India - The Burning Ghats of Varanasi
Thursday 7 May 2015
- Photo shunya.net
The Burning Ghats of Varanasi
Varanasi (Benares, Banaras, Kashi), on the left bank of the Ganga (Ganges), is one of the seven sacred cities of the Hindus. Among the oldest continuously inhabited cities of the world, its early history is that of the first Aryan settlement in the middle Ganga valley. By late 2nd millennium BCE, Varanasi was a seat of Aryan religion and philosophy and a commercial and industrial centre famous for its muslin and silk fabrics, perfumes, ivory works, and sculpture.
It was the capital of the kingdom of Kashi during the Buddha’s time (6th century BCE), who, after achieving enlightenment, gave his first sermon at nearby Sarnath (it is said that he purposely avoided this hotbed of Brahmanism). The Chinese traveler Hiuen Tsiang visited Varanasi in c. 635 CE and saw it as a centre of art, education, and religion. The city, he wrote, extended for about 5 km along the western bank of the Ganga.

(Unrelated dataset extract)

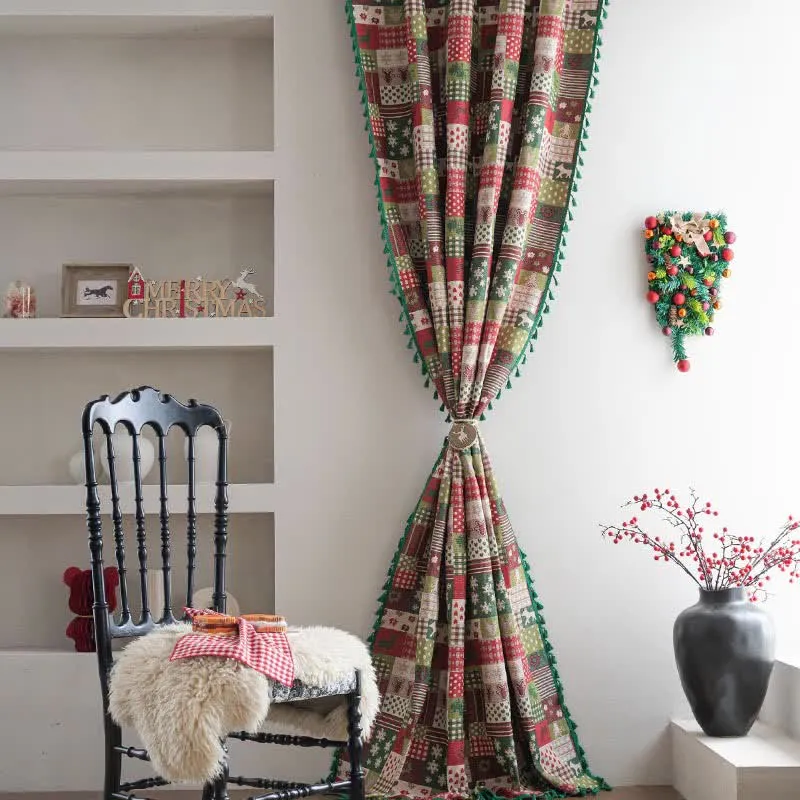 Patchwork-Vorhang mit Quasten und weihnachtlichem Print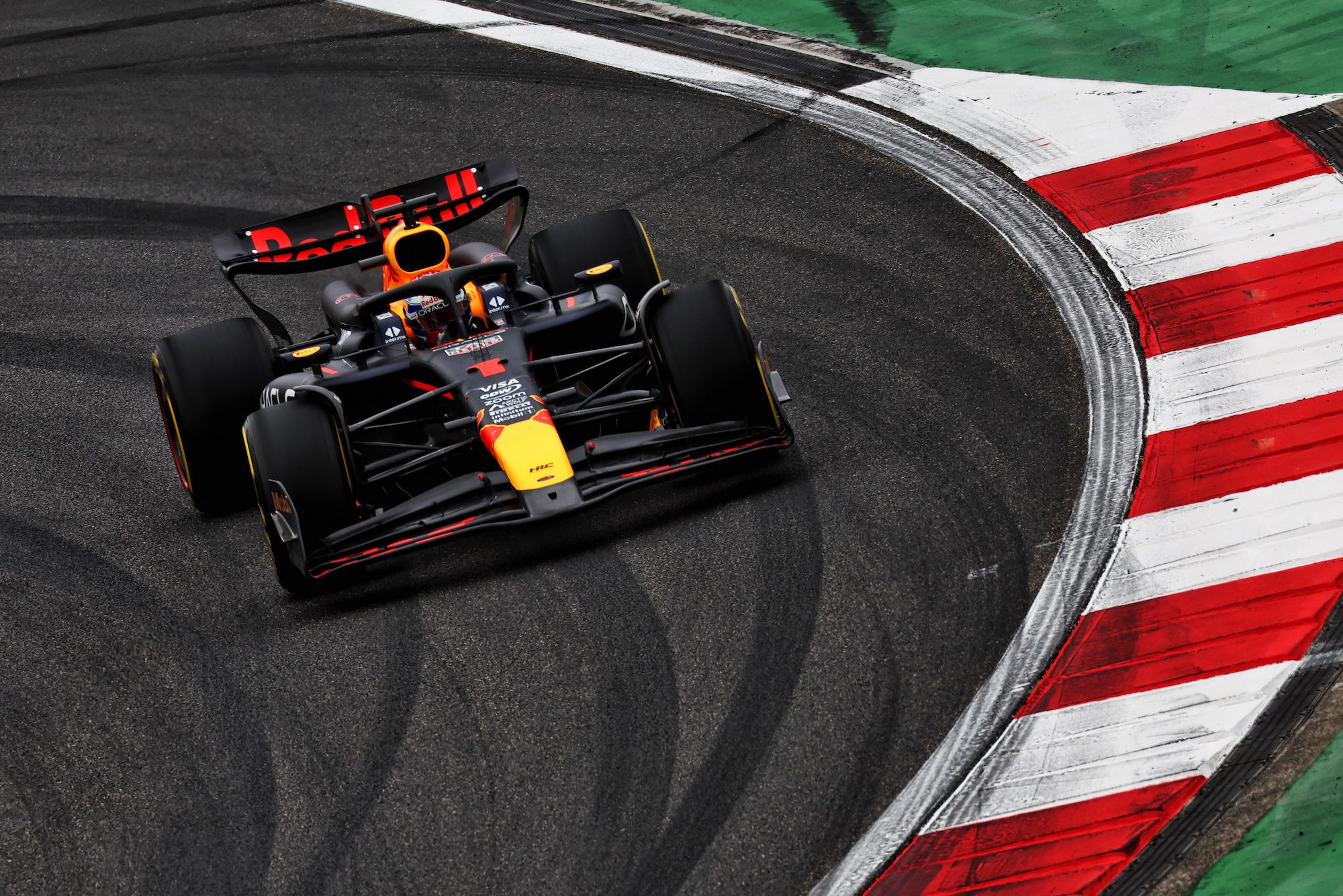 F1: Verstappen é o pole position no retorno do GP da China, em Xangai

Varanasi declined during the early centuries of Muslim rule in India (from 1194). Its temples were destroyed and its scholars fled to other parts of India. In the 16th century, Akbar brought some relief to the city’s religious and cultural activities. Fresh setbacks came with Aurangzeb but the Marathas again sponsored a revival. It became an independent kingdom in the 18th century. Under the British it remained a commercial and religious centre; in 1910 it became a new Indian state (until 1949).

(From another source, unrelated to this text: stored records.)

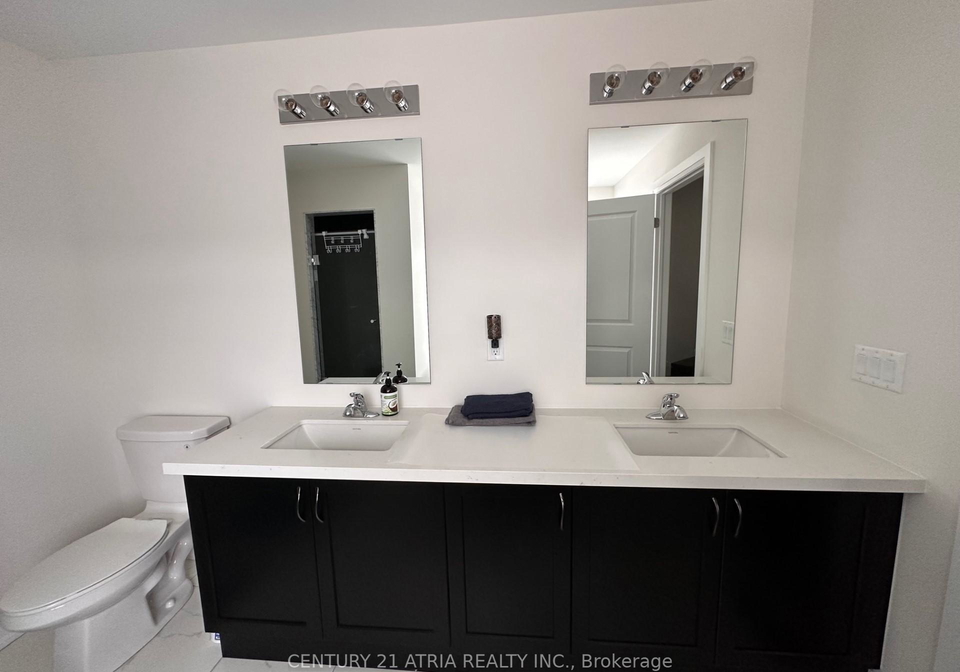 116-ben-sinclair-avenue-east-gwillimbury-ontario-n12458475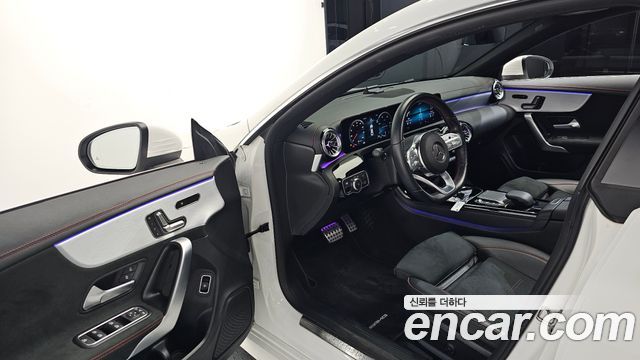Mercedes-Benz CLA 2021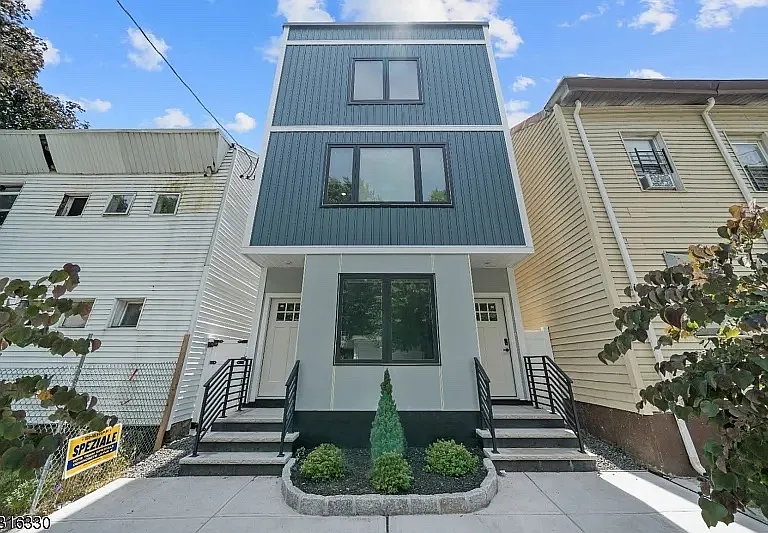 31 Stout St #1 — Photo 1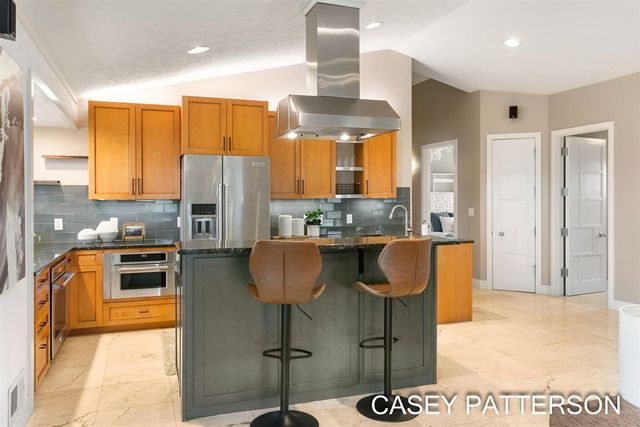 2520 Air Park Drive, Zeeland, MI 49464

Varanasi has the finest religious river frontage in India, with miles of ghats (steps) for bathing; shrines, temples, and palaces rise tier on tier from the bank. Over a million pilgrims visit each year; many hope to die there in old age. A center of learning through the ages, it now has three universities, including the large Banaras Hindu University (estd. 1915), and over a dozen colleges. Besides being a centre of arts, crafts, music and dance, it is still famous for its production of silks (and brocades with gold and silver threadwork), as well as for wooden toys, bangles made of glass, ivory work, and brassware. ♣
My most memorable experience in Varanasi was visiting the burning ghats. The bigger of the two is Manikarnika, the other is Harishchandra. The former hosts up to 200 cremations each day. The process is efficient and businesslike. Above the ghats are huge stacks of wood; the family of the diseased, according to their means, buys one of many funeral packages on offer, including a certain quantity of wood, sandalwood sawdust, ghee, other ritualistic paraphernalia, and a priest’s services.
Orderlies set up the pyre, the body is placed on it, the priest chants and performs the rituals, ghee is poured on, and the pyre is set alight, as the men of the family watch (women stay at home). If the fire doesn’t catch on well, more ghee and sawdust are added. If a family can’t afford enough wood, as is not uncommon, the body is burned in stages: middle part first, while the head and legs stick out, to be pushed in deftly by a pole after the middle part collapses.
A few hours later, the ashes and bits of bones are gathered by the eldest son or a senior male of the family and consigned to the waters, where "untouchables" stand with wire nettings to dredge up the ash and mud, hoping for a gold tooth or nose ring that may have survived the fire (pieces of jewelry may be left on the diseased by the family). Not all who die are cremated — children under five, lepers, sadhus, pregnant women, and snake-bite victims are offered directly to the river.
Watching the spectacle, I felt a liberating calm visit me. Few better ways to peer into the abyss and see our common fate, laid out evocatively in the Book of Common Prayer: from earth to earth, ashes to ashes, dust to dust. Why, there is nothing morbid about death. It is a simple fact of life that should inform our everyday choices and opinions. Yet, the greatest wonder of all, as Yudhisthira says in the Mahabharata, is that each day death strikes, and we live as though we were immortal.